Il faudra marcher, prendre le bus et le métro, lever la tête, ouvrir les yeux et se laisser transporter.
Lausanne, capitale du livre en Suisse romande
« Au royaume de l’encre et du papier », titre l’introduction. Tout est dit ; la petite ville à l’échelle de la Suisse romande s’est muée au fil des siècles en véritable capitale du livre. Le chef-lieu vaudois, gratifié d’une situation géographique stratégique et d’un paysage unique, donne des ailes aux créations littéraires en tout genre, journaux, essais, romans, polars, poèmes, et voit fleurir les maisons d’édition et les imprimeries. Placée à un carrefour ouvert vers l’Italie, la ville au Moyen Âge est une étape pour les pèlerins qui se rendent à Rome ; ses beautés multiples sont prisées par les touristes, notamment anglais, qui s’arrêtent volontiers dans la cité protestante. « Certains se sont arrêtés à Lausanne plus ou moins longtemps ou ne sont jamais repartis tel l’écrivain britannique Edward Gibbon », commente Stéphane Pétermann. « Dans son sillage, beaucoup d’écrivains anglais ont voulu visiter la maison où il a habité ; un phénomène que l’on retrouve avec les écrivains romantiques fascinés par l’œuvre de Rousseau et qui ont voulu découvrir le lieu où l’auteur a écrit le roman épistolaire Julie ou La Nouvelle Héloïse. »

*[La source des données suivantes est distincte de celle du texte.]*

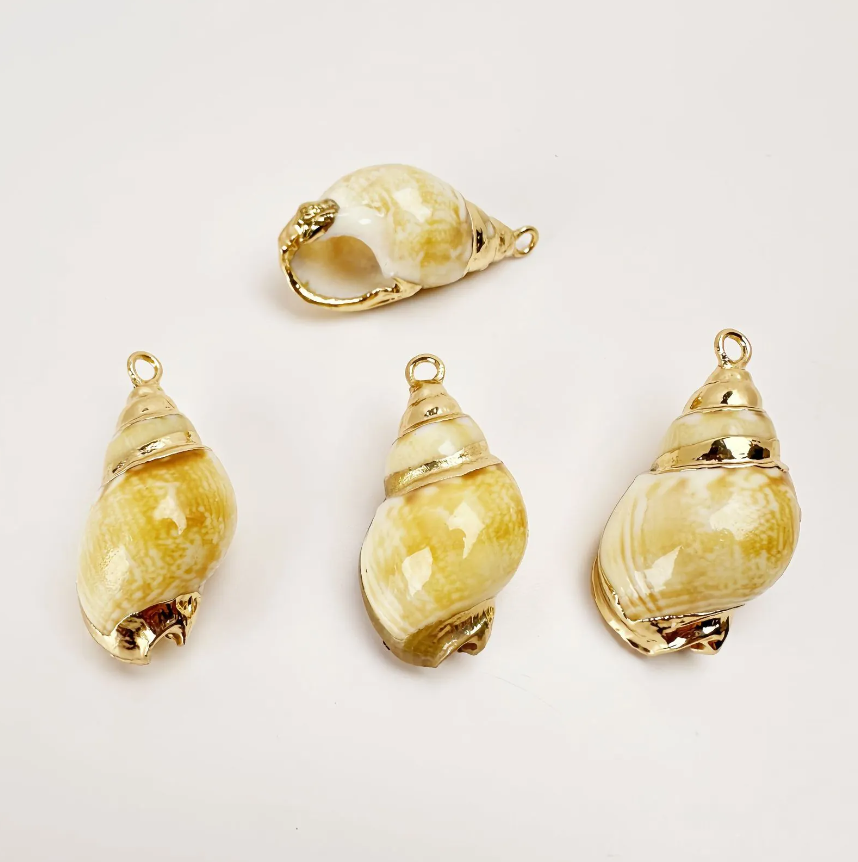Golden Conch Shell Charm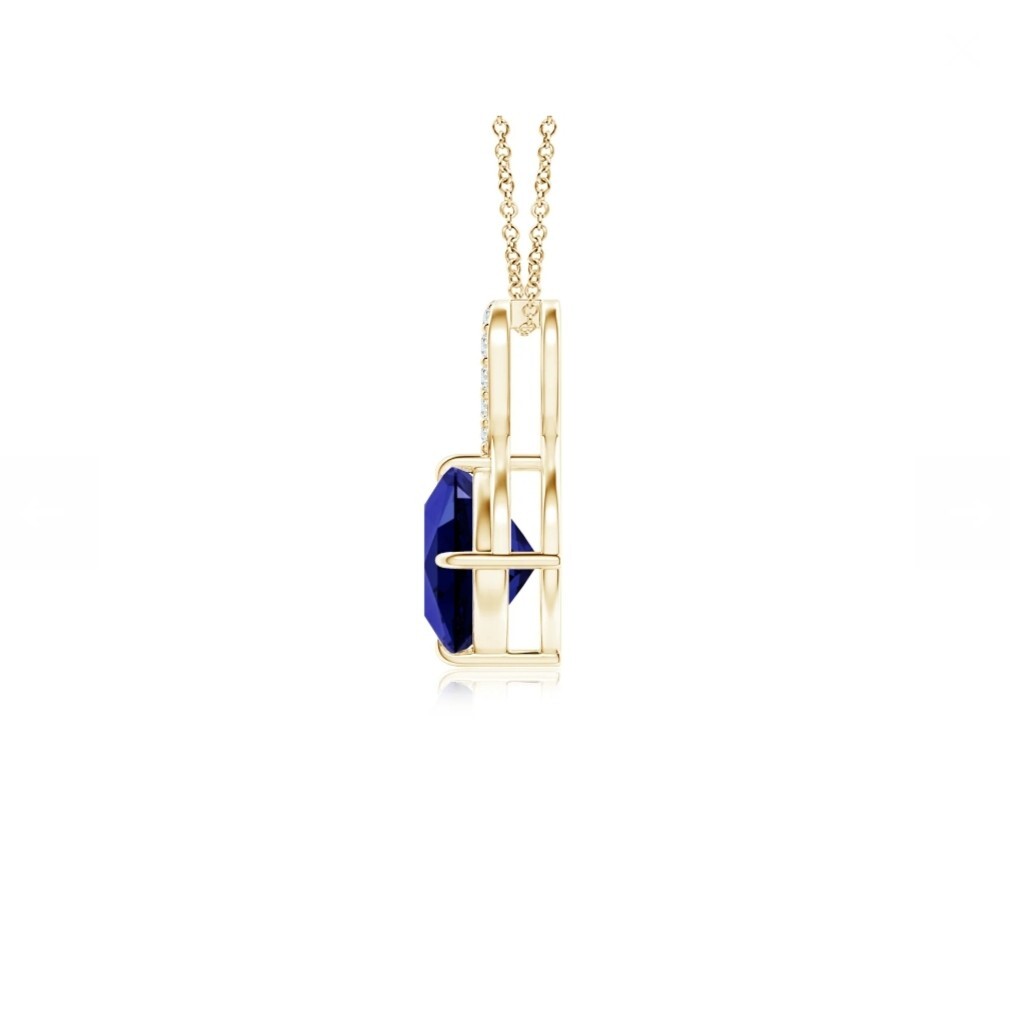 Eye Clean Blue Sapphire Pendant, Sterling Silver Blue Sapphire Pendant For Women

L’espace muséal C. F. Ramuz, une histoire qui s’écrit patiemment…
Partir sur les traces des hommes et des femmes de lettres, c’est aussi découvrir avec exaltation les lieux où ils ont vécu, écrit et parfois péri. En juin 2017, les quotidiens locaux annoncent la décision du Conseil municipal de Pully de financer un espace muséal consacré à l’un des plus célèbres écrivains vaudois, Charles Ferdinand Ramuz. Prévu au rez-de-chaussée de la maison « La Muette » située au 4, chemin Davel où l’auteur a vécu de 1930 à sa mort en 1947, l’espace se prolongera dans son bureau, un lieu de mémoire resté plus ou moins intact et où sont encore présents des manuscrits, livres, objets et habits ayant appartenu à l’écrivain.
Contesté par le Comité de sauvegarde de la maison, le démarrage des travaux reste suspendu à une levée des recours. L’ouverture n’est donc pas attendue avant 2020, dixit le Musée de Pully. En 2017, l’œuvre de C. F. Ramuz est tombée dans le domaine public ; Stéphane Pétermann et Daniel Maggetti, sous la supervision du Centre de recherche sur les lettres romandes, préparent la sortie d’une série en livres de poche de ses titres phares aux Éditions Zoé. Aline et Construction de la maison ouvriront le bal.